Personal information
- Full name: Steve Topper
- Born: 16 April 1961 (age 63) Sydney, New South Wales, Australia

Playing information
- Position: Halfback, Hooker
Club
| Years | Team | Pld | T | G | FG | P |
| 1979 | South Sydney | 7 | 0 | 0 | 0 | 0 |
| 1982–84 | Illawarra Steelers | 26 | 3 | 0 | 0 | 12 |
|  | Total | 33 | 3 | 0 | 0 | 12 |
Representative
| Years | Team | Pld | T | G | FG | P |
| 1980 | NSW Country | 1 | 0 | 0 | 0 | 0 |
- Source: As of 26 February 2019

= Steve Topper =

Australian rugby league footballer

Steve Topper (born 16 April 1961) is an Australian former professional rugby league footballer who played in the 1970s and 1980s. Topper was a foundation player for Illawarra playing in the club's first game. Topper is the older brother of former Cronulla-Sutherland player Stuart Topper.

==Playing career==
Topper made his first grade debut for Souths in Round 1 1979 against Newtown at Redfern Oval.

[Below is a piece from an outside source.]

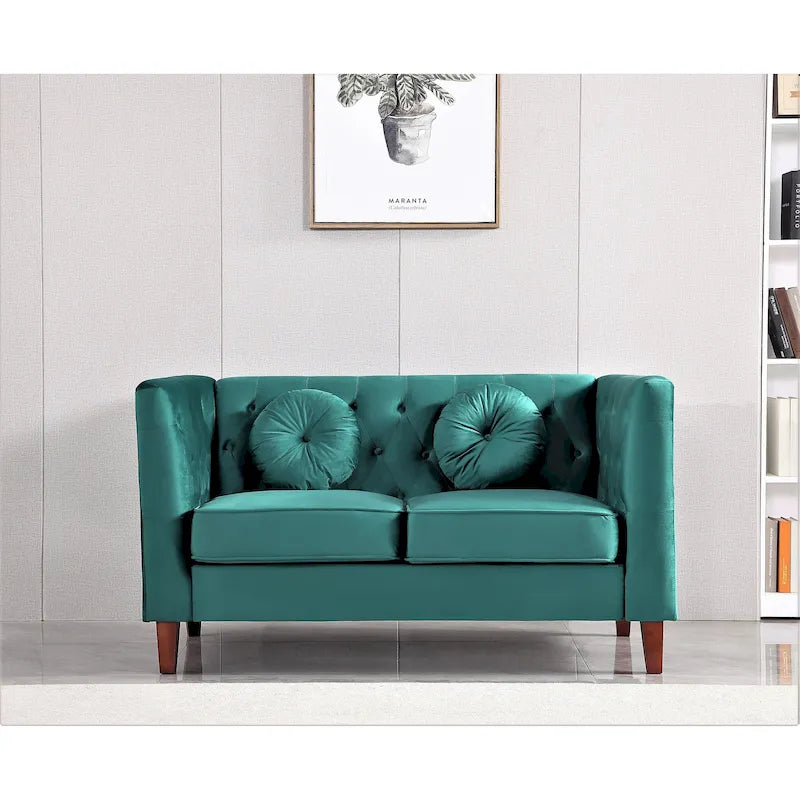 Divanetto Chesterfield classico in velluto con gambe in legno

In 1980, Topper was selected to play for NSW Country against NSW City.

In 1982, Topper joined newly admitted Illawarra and played in the club's first ever game which was against Penrith at WIN Stadium and ended in a 17–7 loss.

Topper played with Illawarra until the end of the 1984 season before retiring.